You are the audit manager in charge of the audit of Vuka Mpaka Ltd., a limited liability company.
On 1 July 2000, Vuka Mpaka obtained the exclusive rights to operate car and passenger ferries across Ziwa Channel, for a
period of twenty years. The company refurbished two ferries to service the route. The ferries do not meet the standards of the
Environmental Regulation Authority. Each ferry makes an average of ten return crossings every day and has the capacity to
carry 2,000 passengers and 400 vehicles per trip.
Vuka Mpaka Ltd. currently receives a subsidy from the local transport authority as an incentive to increase market awareness
of the ferry service.

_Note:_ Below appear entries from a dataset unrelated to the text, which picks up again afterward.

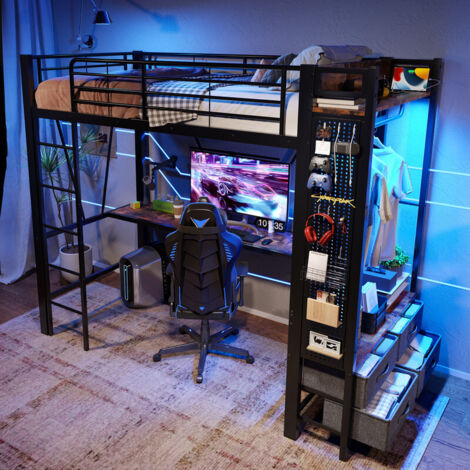 Lit mezzanine en fer 90 x 200 cm, bureau, étendoir, étagères, 4 tiroirs, prises USB et Type-C, bande LED, rambarde, échelle, panneau perforé, noir (1/5)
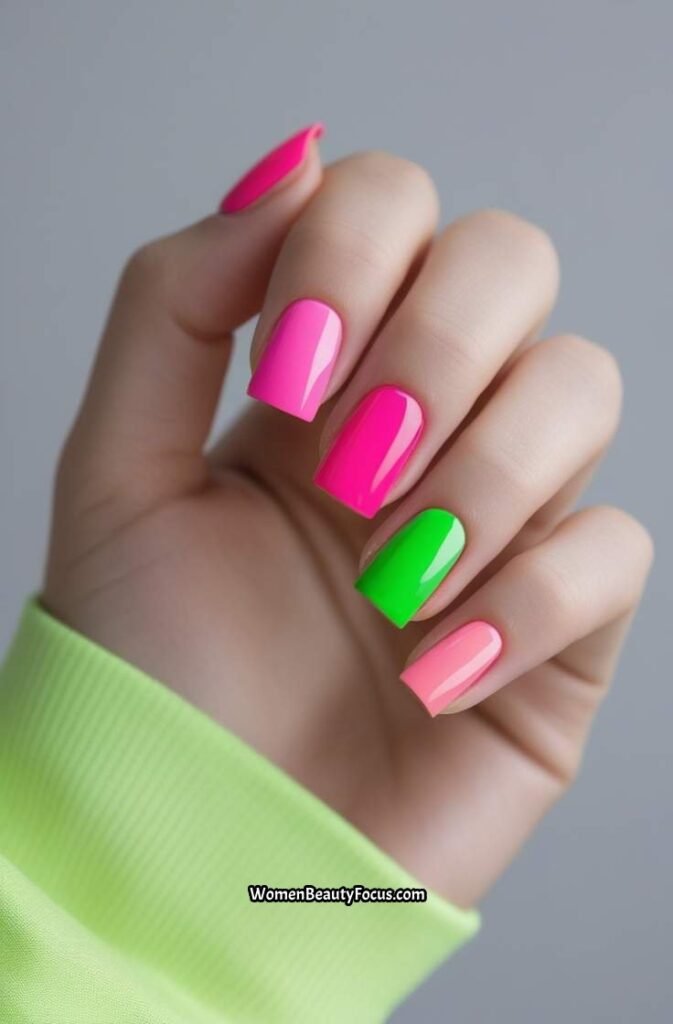 11. Watermelon Color Block Nails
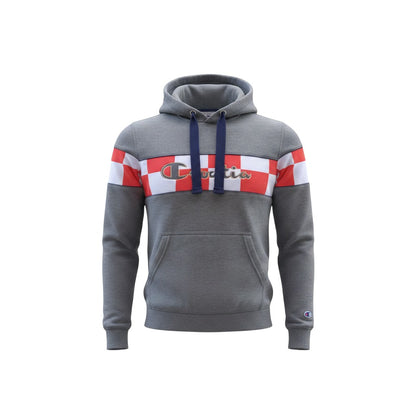 Hoodie Croatia in Grey Gray hoodie with red, white, and blue accents on a white background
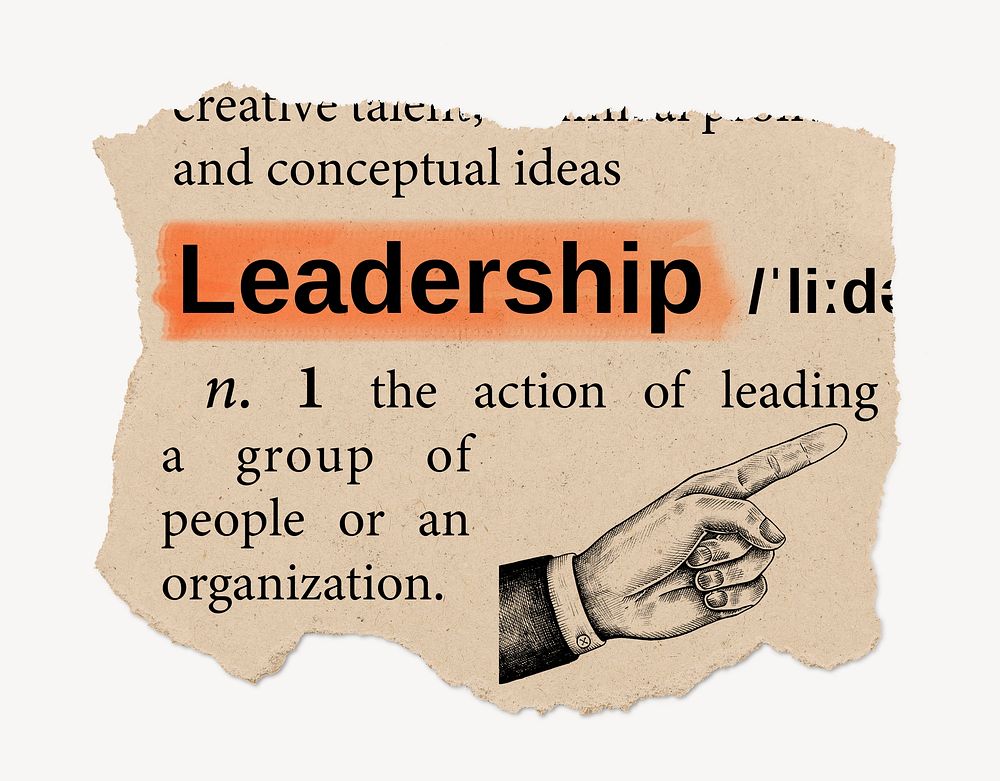Leadership definition, vintage ripped dictionary word
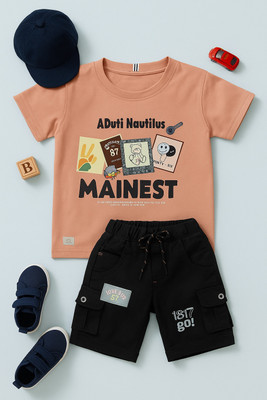 karnika Boys Casual T-shirt Shorts(Peach)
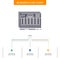 Controller, keyboard, keys, midi, sound Business Flow Chart Design with 3 Steps. Glyph Icon For Presentation Background Template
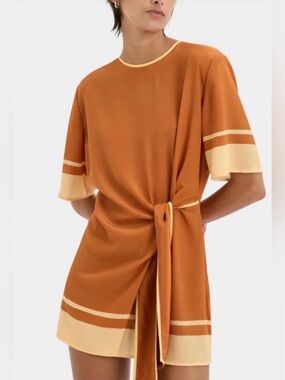 Sir The Label Soma Midi Dress in Rust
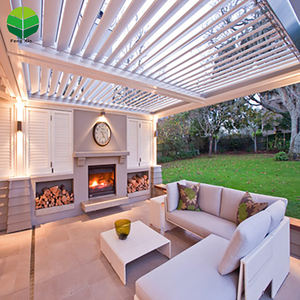 برْجولة ألومنيوم بمحرك من المصنع برْجولة خارجية من الألومنيوم بحيوية مناخية للفناء - Product Image 4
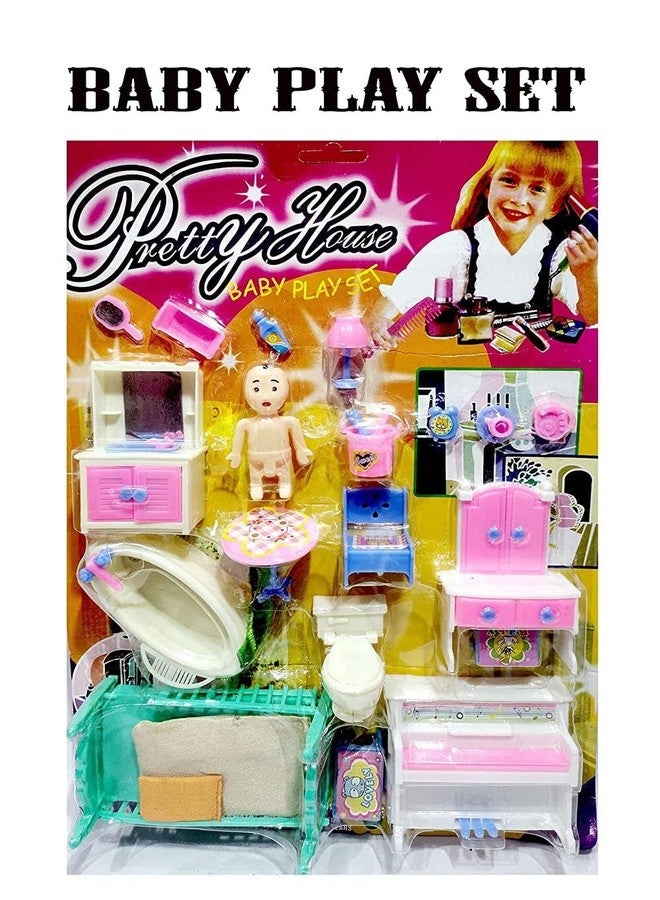 SHANVI Toys Dollhouse Playset Portable Sets House 20 Accessories with-01 Doll Dollhouse Playset for Girl's (Pack of 21) - Image 3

The subsidy increases as the number of vehicles carried increases and is based on quarterly returns
submitted to the authority.
The company employs fifty full-time crew members who are trained in daily operations, customer service as well as passenger
safety in the event of personal accident or breakdown. The management of Vuka Mpaka Ltd. is planning to apply for a safety
management certificate at the end of the year. This will require an audit of the ferries including a review of safety documents
and evidence that activities are performed in accordance with documented procedures. A safety management certificate, valid
for five years, will be issued if no major non-conformities have been found.
Your firm has been asked to provide Vuka Mpaka Ltd. with a business risk assessment as a management assurance service.
Required:
(a) Discuss five business risks that Vuka Mpaka Ltd. might face.
(b) Describe the processes by which the risks identified in (a) above could be managed by Vuka Mpaka Ltd.